Each ring consists of 49 chain_link actors and one master. The master recreates the terminated actors five times. Each master spawns a total of 245 actors and the program spawns 20 master actors. Additionally, there is one message collector and one worker per master. A total of 4921 actors (20+(20∗245)+1) are created but no more than 1021 (20+20+(20∗49)+1) are running concurrently. The message collector waits until it receives 100 (20∗5) prime factorization results and a done message from each master. Prime factors are calculated to simulate some work load. The calculation took about two seconds on the tested hardware in our loop-based C++ implementation. Our tail recursive Scala implementation performed at the same speed, whereas Erlang needed almost seven seconds.

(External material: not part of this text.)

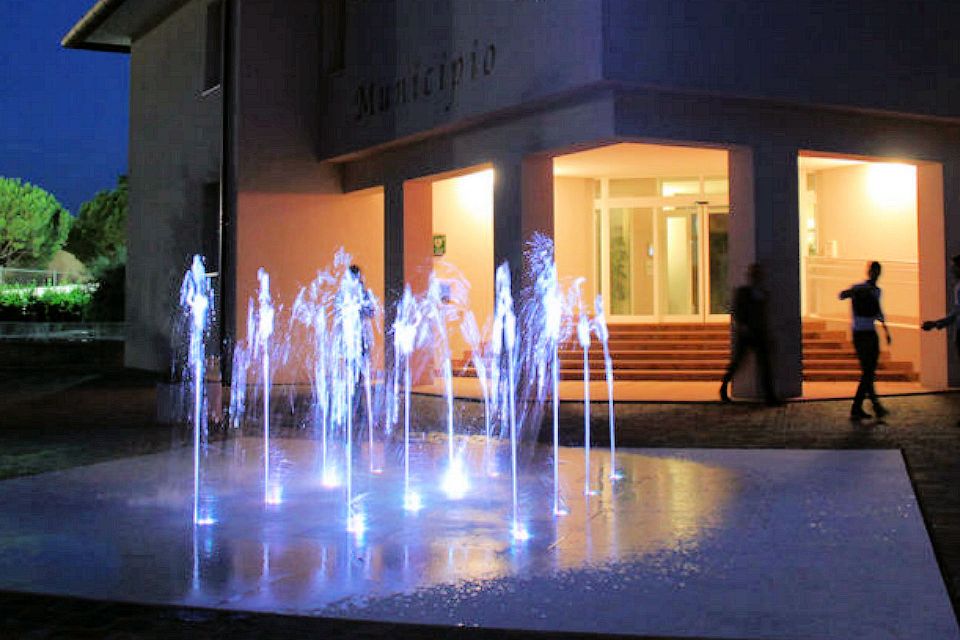 DMX fountain lighting synchronized water jets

As expected, the thread-based Scala implementation yields the worst performance though the runtime increase for eight and more cores surprises. Akka is significantly faster than both standard library implementations of Scala. Erlang performs very well, given the fact that its prime factorization is more than three times slower. The very efficient scheduling of Erlang, which is the only implementation under test that performs preemptive scheduling, is best at utilizing hardware concurrency. The current overhead of the libcppa scheduler hinders better performance results. The overhead of stack allocation and context switching is about 10-20% in this benchmark for up to six cores where the scheduler is stretched to its limits.

This benchmark shows that libcppa is competitive and performs at comparable speed to well-tested and established actor model implementations. Nevertheless, the current scheduling algorithm is not able to utilize more than six cores efficiently by now.

The benchmarks ran on a virtual machine with Linux using 2 to 12 cores of the host system comprised of two hexa-core Intel® Xeon® processors with 2.27GHz. All values are the average of five runs.

The sources can be found on github (MixedCase.scala, mixed_case.erl and mixed_case.cpp).